Sementara itu, Yaman yang dilanda perang sipil mengirim delegasi kecil, seorang ulama muda bernama Sheikh Ahmed, yang berbisik pada delegasi Iran di sela konferensi:
"Bukankah waktunya kita mengakhiri konflik internal ini sebelum berbicara tentang perang besar?"
Babak II: Di Tanah Konflik
Di Gaza, seorang pemuda bernama Yusuf berdiri di antara reruntuhan rumahnya. Ia baru saja kehilangan saudara perempuannya dalam serangan udara Israel. Di sisi lain, di Tel Aviv, seorang tentara muda Israel bernama David memandangi foto keluarganya sambil bertanya-tanya apakah semua ini sepadan dengan darah yang tertumpah.

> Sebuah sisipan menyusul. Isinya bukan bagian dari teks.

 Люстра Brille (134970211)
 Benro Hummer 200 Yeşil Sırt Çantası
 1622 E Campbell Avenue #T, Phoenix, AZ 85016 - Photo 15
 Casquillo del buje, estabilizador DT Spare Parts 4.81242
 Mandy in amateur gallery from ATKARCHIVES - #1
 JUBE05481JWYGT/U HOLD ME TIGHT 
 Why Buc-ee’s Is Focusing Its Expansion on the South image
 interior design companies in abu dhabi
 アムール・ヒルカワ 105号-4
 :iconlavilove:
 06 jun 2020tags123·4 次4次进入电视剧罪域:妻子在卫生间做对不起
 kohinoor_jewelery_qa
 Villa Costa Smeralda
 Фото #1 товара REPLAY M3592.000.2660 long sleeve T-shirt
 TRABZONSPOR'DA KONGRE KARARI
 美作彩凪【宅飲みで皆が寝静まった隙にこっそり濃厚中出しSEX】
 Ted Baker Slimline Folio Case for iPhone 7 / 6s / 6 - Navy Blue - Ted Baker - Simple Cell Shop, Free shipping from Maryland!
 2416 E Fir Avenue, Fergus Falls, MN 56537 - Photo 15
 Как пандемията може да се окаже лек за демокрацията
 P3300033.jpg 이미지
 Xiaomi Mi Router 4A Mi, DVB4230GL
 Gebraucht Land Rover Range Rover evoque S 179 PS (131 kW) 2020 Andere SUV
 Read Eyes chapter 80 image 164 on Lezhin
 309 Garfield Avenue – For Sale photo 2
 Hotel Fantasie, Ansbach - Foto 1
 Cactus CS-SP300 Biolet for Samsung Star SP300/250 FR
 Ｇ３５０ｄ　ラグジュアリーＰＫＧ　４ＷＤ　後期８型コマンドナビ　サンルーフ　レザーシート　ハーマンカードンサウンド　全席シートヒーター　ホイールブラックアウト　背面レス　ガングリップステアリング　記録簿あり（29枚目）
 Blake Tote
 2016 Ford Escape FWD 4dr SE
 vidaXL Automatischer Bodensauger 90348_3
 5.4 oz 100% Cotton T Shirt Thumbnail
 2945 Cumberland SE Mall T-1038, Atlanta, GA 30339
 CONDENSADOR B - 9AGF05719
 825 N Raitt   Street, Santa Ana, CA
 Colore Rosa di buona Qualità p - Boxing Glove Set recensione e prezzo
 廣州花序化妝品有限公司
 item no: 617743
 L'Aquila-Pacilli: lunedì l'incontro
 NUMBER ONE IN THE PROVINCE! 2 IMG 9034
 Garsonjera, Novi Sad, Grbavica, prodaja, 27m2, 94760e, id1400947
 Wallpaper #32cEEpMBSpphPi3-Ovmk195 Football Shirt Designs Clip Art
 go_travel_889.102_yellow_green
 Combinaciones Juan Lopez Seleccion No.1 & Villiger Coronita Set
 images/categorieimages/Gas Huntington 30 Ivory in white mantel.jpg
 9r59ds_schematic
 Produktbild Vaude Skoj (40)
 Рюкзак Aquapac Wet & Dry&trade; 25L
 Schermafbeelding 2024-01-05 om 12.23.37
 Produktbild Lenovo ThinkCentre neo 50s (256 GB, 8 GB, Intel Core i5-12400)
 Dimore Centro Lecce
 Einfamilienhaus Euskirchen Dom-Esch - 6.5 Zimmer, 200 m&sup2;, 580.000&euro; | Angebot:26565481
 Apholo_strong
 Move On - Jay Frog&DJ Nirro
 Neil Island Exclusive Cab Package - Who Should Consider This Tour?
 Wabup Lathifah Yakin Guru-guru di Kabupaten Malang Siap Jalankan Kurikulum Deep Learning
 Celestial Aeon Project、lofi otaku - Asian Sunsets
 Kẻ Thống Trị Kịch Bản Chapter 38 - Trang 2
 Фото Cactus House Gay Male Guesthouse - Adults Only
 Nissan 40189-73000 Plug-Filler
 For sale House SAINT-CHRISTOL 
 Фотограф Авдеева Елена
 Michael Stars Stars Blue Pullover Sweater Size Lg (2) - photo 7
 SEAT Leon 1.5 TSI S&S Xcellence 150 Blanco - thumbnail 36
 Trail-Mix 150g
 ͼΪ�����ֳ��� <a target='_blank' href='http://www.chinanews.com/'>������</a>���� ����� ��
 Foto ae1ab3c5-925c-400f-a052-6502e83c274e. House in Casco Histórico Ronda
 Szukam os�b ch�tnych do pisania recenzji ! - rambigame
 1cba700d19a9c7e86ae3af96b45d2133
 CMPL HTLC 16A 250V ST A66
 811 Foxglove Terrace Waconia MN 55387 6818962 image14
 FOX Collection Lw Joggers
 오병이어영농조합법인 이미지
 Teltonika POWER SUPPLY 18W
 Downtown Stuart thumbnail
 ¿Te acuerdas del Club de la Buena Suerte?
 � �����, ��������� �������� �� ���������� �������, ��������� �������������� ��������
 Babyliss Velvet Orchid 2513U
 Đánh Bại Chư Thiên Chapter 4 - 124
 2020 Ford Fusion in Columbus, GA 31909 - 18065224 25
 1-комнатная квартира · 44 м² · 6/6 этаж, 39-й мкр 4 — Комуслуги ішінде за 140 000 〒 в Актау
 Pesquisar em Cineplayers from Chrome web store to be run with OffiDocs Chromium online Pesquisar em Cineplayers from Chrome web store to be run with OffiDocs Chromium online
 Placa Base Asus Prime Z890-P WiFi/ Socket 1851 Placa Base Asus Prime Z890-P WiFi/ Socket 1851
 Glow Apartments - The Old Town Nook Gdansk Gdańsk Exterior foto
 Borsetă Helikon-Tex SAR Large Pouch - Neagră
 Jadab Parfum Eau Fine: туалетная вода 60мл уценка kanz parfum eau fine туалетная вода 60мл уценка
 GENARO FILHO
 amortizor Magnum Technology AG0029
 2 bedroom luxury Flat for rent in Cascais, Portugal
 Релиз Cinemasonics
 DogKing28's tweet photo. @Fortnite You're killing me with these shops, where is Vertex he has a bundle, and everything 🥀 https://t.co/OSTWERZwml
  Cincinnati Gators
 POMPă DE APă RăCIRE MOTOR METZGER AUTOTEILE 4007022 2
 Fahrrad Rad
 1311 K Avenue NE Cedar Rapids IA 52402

Di Teheran, Iran, seorang komandan militer mempersiapkan serangan balasan terhadap Israel. Tetapi ulama tertinggi memperingatkan:
"Jika perang ini hanya membawa kehancuran lebih banyak, lalu apa artinya perjuangan kita?"
Arab Saudi mulai memainkan peran sebagai mediator. Dalam pertemuan rahasia di Riyadh, Pangeran Khalid bertemu dengan utusan Iran, Palestina, dan Amerika. Di sana, ia berkata:
"Kami berada di tengah dunia Islam. Jika perang terus terjadi, kami semua yang akan terbakar. Kita harus menemukan jalan keluar bersama."
Babak III: Sekutu Amerika Bergerak
Di Washington, tekanan datang dari negara-negara sekutu Amerika di Eropa dan Asia untuk menghentikan dukungan buta kepada Israel. Jepang dan Jerman mendesak agar Amerika memainkan peran sebagai penjaga perdamaian, bukan provokator perang.
Namun, sekutu tradisional Amerika seperti Uni Emirat Arab dan Bahrain mencoba menyeimbangkan diri. Mereka mendukung Abraham Accord tetapi juga khawatir bahwa perdamaian dengan Israel justru memicu ketegangan lebih besar di dunia Islam.
Di Mesir, Presiden mendesak pengaktifan kembali Inisiatif Perdamaian Arab yang telah lama diabaikan.
"Hanya solusi dua negara yang dapat menyelesaikan masalah ini. Dunia harus memilih untuk berhenti memihak dan mulai berdialog."
Epilog: Harapan di Tengah Kekacauan
Konferensi itu tidak menghasilkan kesepakatan besar, tetapi berhasil menciptakan momentum baru. Sebuah tim independen yang terdiri dari perwakilan negara-negara Teluk, Iran, Mesir, Rusia, Amerika, dan Cina dibentuk untuk merancang peta jalan perdamaian yang melibatkan semua pihak, termasuk Palestina dan Israel.
Di Gaza, Yusuf menatap ke arah barat, berharap hidup lebih baik. Di Riyadh, Pangeran Khalid mengirim pesan damai ke Teheran. Di Tel Aviv, David berbicara dengan ayahnya tentang keinginannya meninggalkan militer. Di aula PBB, Ivan dan Li Wei sepakat bahwa dunia memerlukan titik tengah untuk menghindari kehancuran besar.
Dunia masih jauh dari perdamaian, tetapi ada secercah harapan bahwa titik tengah itu bisa ditemukan.